I'm saying all this to say, actual language learning is extremely easy, the hard part is being consistent and sticking to realistic goals.
I've met so many people who want to speak Japanese, but aren't willing to study for even an hour, let alone the 3-4 hours a day you need to study if you come from a non-asian background.
Japanese might be hard for you purely because of your mindset
Although I understand your point of view, that does not work for everyone, as you say. I regularly meet japanese people, and some are teachers. I also meet tons of japanese students and the explanation is always the same: students who are good at learning are always telling japanese isn't difficult. Teachers who are teaching are always telling japanese isn't difficult.
People tend to compare ones to others, and "if you've got brain, you can learn it". Sure, we can learn everything, but every brain does not work the same way.
Learning is a procedure of persistency, the more time you invest, the more you advance. That's logical, but in the process of learning there are other factors involved.
Tutors can help, but they are not mandatory. I know we won't agree because you're one of them, but rest assured that in my life I've seen it many times. Because learning languages is one of the cheapest things (money related) and most expensive things (time related).
Brain is limited, and whoever tells me the opposite mean does not understand how mine is working. I am very bad at learning languages, but I've learnt spanish, catalan, english, a little bit of portuguese and a little bit of japanese. That would be fantastic, isn't it? actually no, it's not. I tend to forget words in all of them, I constantly find myself stuck in a conversation in my mother language because I can't recall words that are simple to other people. Why? because brain can hold a limited number of words and knowledge, depending on how smart it is.
If you want to tell me I am not good at japanese because I don't study 4 hours a day I can understand it, but as it happened before, even if I did you would be surprised how bad someone can be after studying and investing 4 hours every day after 3 years.

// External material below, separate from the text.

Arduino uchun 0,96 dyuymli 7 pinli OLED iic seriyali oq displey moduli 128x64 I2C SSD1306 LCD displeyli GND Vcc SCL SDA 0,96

Probably you would think I am not studying 4 hours a day when I am totally doing it.
The process of forgetting is also brain dependant, and that can't be helped, you can train your brain to some extent, but it has your own pysiological limitations.
Everyone can learn anything, some people need much more time than other, so we need to balance if the time we personally need for something is worth investing in exchange of the gain we are receiving.